Dr. Borghammer emphasized the implications for precision medicine: “These subtypes are likely to require different prevention and treatment strategies. It may be possible to prevent gut-first cases by targeting the gut environment, whereas brain-first cases will need alternative approaches. Therefore, identifying subtype-specific biomarkers in individual patients is crucial.”
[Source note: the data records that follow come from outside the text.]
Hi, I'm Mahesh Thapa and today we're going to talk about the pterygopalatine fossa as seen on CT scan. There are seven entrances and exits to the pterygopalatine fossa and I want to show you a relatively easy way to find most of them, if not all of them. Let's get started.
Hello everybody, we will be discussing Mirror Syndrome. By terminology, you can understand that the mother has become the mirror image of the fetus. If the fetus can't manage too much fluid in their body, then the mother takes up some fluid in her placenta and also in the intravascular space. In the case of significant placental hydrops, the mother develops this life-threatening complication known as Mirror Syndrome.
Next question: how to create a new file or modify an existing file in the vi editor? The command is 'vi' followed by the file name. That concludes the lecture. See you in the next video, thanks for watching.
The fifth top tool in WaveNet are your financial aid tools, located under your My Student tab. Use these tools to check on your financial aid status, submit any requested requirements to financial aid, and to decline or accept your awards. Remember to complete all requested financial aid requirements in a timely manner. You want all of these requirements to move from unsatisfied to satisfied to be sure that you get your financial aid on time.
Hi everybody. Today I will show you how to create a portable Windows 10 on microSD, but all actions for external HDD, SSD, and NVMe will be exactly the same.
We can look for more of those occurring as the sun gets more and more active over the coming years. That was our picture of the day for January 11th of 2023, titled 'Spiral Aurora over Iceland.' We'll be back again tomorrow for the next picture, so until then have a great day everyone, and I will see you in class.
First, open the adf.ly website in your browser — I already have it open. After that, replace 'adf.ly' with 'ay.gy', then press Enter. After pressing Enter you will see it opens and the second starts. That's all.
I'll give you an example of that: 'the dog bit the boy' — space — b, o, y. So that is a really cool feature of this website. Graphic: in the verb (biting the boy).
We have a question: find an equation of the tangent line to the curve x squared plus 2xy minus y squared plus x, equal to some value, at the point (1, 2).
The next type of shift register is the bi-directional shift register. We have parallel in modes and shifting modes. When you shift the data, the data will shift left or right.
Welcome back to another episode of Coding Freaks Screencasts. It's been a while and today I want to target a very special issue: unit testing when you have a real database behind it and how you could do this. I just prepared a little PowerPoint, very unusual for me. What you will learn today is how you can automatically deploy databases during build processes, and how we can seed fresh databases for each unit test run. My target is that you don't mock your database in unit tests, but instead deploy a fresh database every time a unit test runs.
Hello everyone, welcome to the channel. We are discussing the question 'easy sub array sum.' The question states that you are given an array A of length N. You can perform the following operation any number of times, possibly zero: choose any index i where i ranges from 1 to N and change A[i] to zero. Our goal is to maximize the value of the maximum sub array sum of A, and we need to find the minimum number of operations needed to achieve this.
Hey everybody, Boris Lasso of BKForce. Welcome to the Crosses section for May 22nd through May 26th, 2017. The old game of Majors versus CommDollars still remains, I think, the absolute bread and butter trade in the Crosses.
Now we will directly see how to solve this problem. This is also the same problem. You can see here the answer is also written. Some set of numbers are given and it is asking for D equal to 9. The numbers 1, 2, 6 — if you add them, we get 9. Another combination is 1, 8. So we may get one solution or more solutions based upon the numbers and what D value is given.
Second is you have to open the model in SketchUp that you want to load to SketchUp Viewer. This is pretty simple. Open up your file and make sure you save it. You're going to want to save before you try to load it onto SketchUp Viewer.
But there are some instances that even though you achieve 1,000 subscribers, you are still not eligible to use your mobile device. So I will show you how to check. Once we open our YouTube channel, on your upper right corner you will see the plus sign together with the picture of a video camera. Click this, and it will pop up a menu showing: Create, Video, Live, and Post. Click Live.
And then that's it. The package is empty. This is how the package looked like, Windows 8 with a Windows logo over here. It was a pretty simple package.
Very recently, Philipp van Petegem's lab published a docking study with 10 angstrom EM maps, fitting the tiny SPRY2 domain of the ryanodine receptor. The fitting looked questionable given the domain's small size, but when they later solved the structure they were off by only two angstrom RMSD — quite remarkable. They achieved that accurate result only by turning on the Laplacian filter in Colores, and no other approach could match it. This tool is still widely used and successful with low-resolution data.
Parkinson’s disease is a progressive neurodegenerative disorder that impairs movement, balance, and muscle control. It is the second most common age-related neurodegenerative disease, affecting roughly three percent of people by age 65 and up to five percent of those older than 85. Historically, PD was viewed primarily as a disorder of the midbrain characterized by degeneration of pigmented dopaminergic neurons in the substantia nigra. More recent work, however, shows that PD varies widely between patients and likely comprises multiple biological subtypes with distinct clinical trajectories and underlying mechanisms.
Source:
IOS Press
Media Contacts:
Diana Murray – IOS Press
Image Source:
Image credit: Lundbeck Foundation.
Original Research (Open access):
“Brain-First versus Gut-First Parkinson’s Disease: A Hypothesis.” Per Borghammer and Nathalie Van Den Berge. Journal of Parkinson’s Disease. DOI: 10.3233/JPD-191721.
Abstract (summary)
Parkinson’s disease is a heterogeneous disorder likely composed of multiple subtypes. Pathological aggregation and spread of misfolded alpha-synuclein across neural networks are central to disease development. One hypothesis holds that alpha-synuclein pathology begins in the enteric or peripheral nervous system and reaches the central nervous system via retrograde transport along the vagus nerve. However, neuropathological findings are not uniform: some patients show no pathology in vagal entry points such as the dorsal motor nucleus. The authors propose dividing PD into two subtypes: a PNS-first (gut-first) subtype, often associated with REM sleep behavior disorder (RBD) during the prodromal phase and marked autonomic dysfunction before dopaminergic involvement; and a CNS-first (brain-first) subtype, typically RBD-negative early on and characterized by early nigrostriatal dopaminergic dysfunction before substantial autonomic involvement. Imaging and histological evidence reviewed in the paper support this framework and offer a hypothesis-generating model for future studies on PD etiopathogenesis.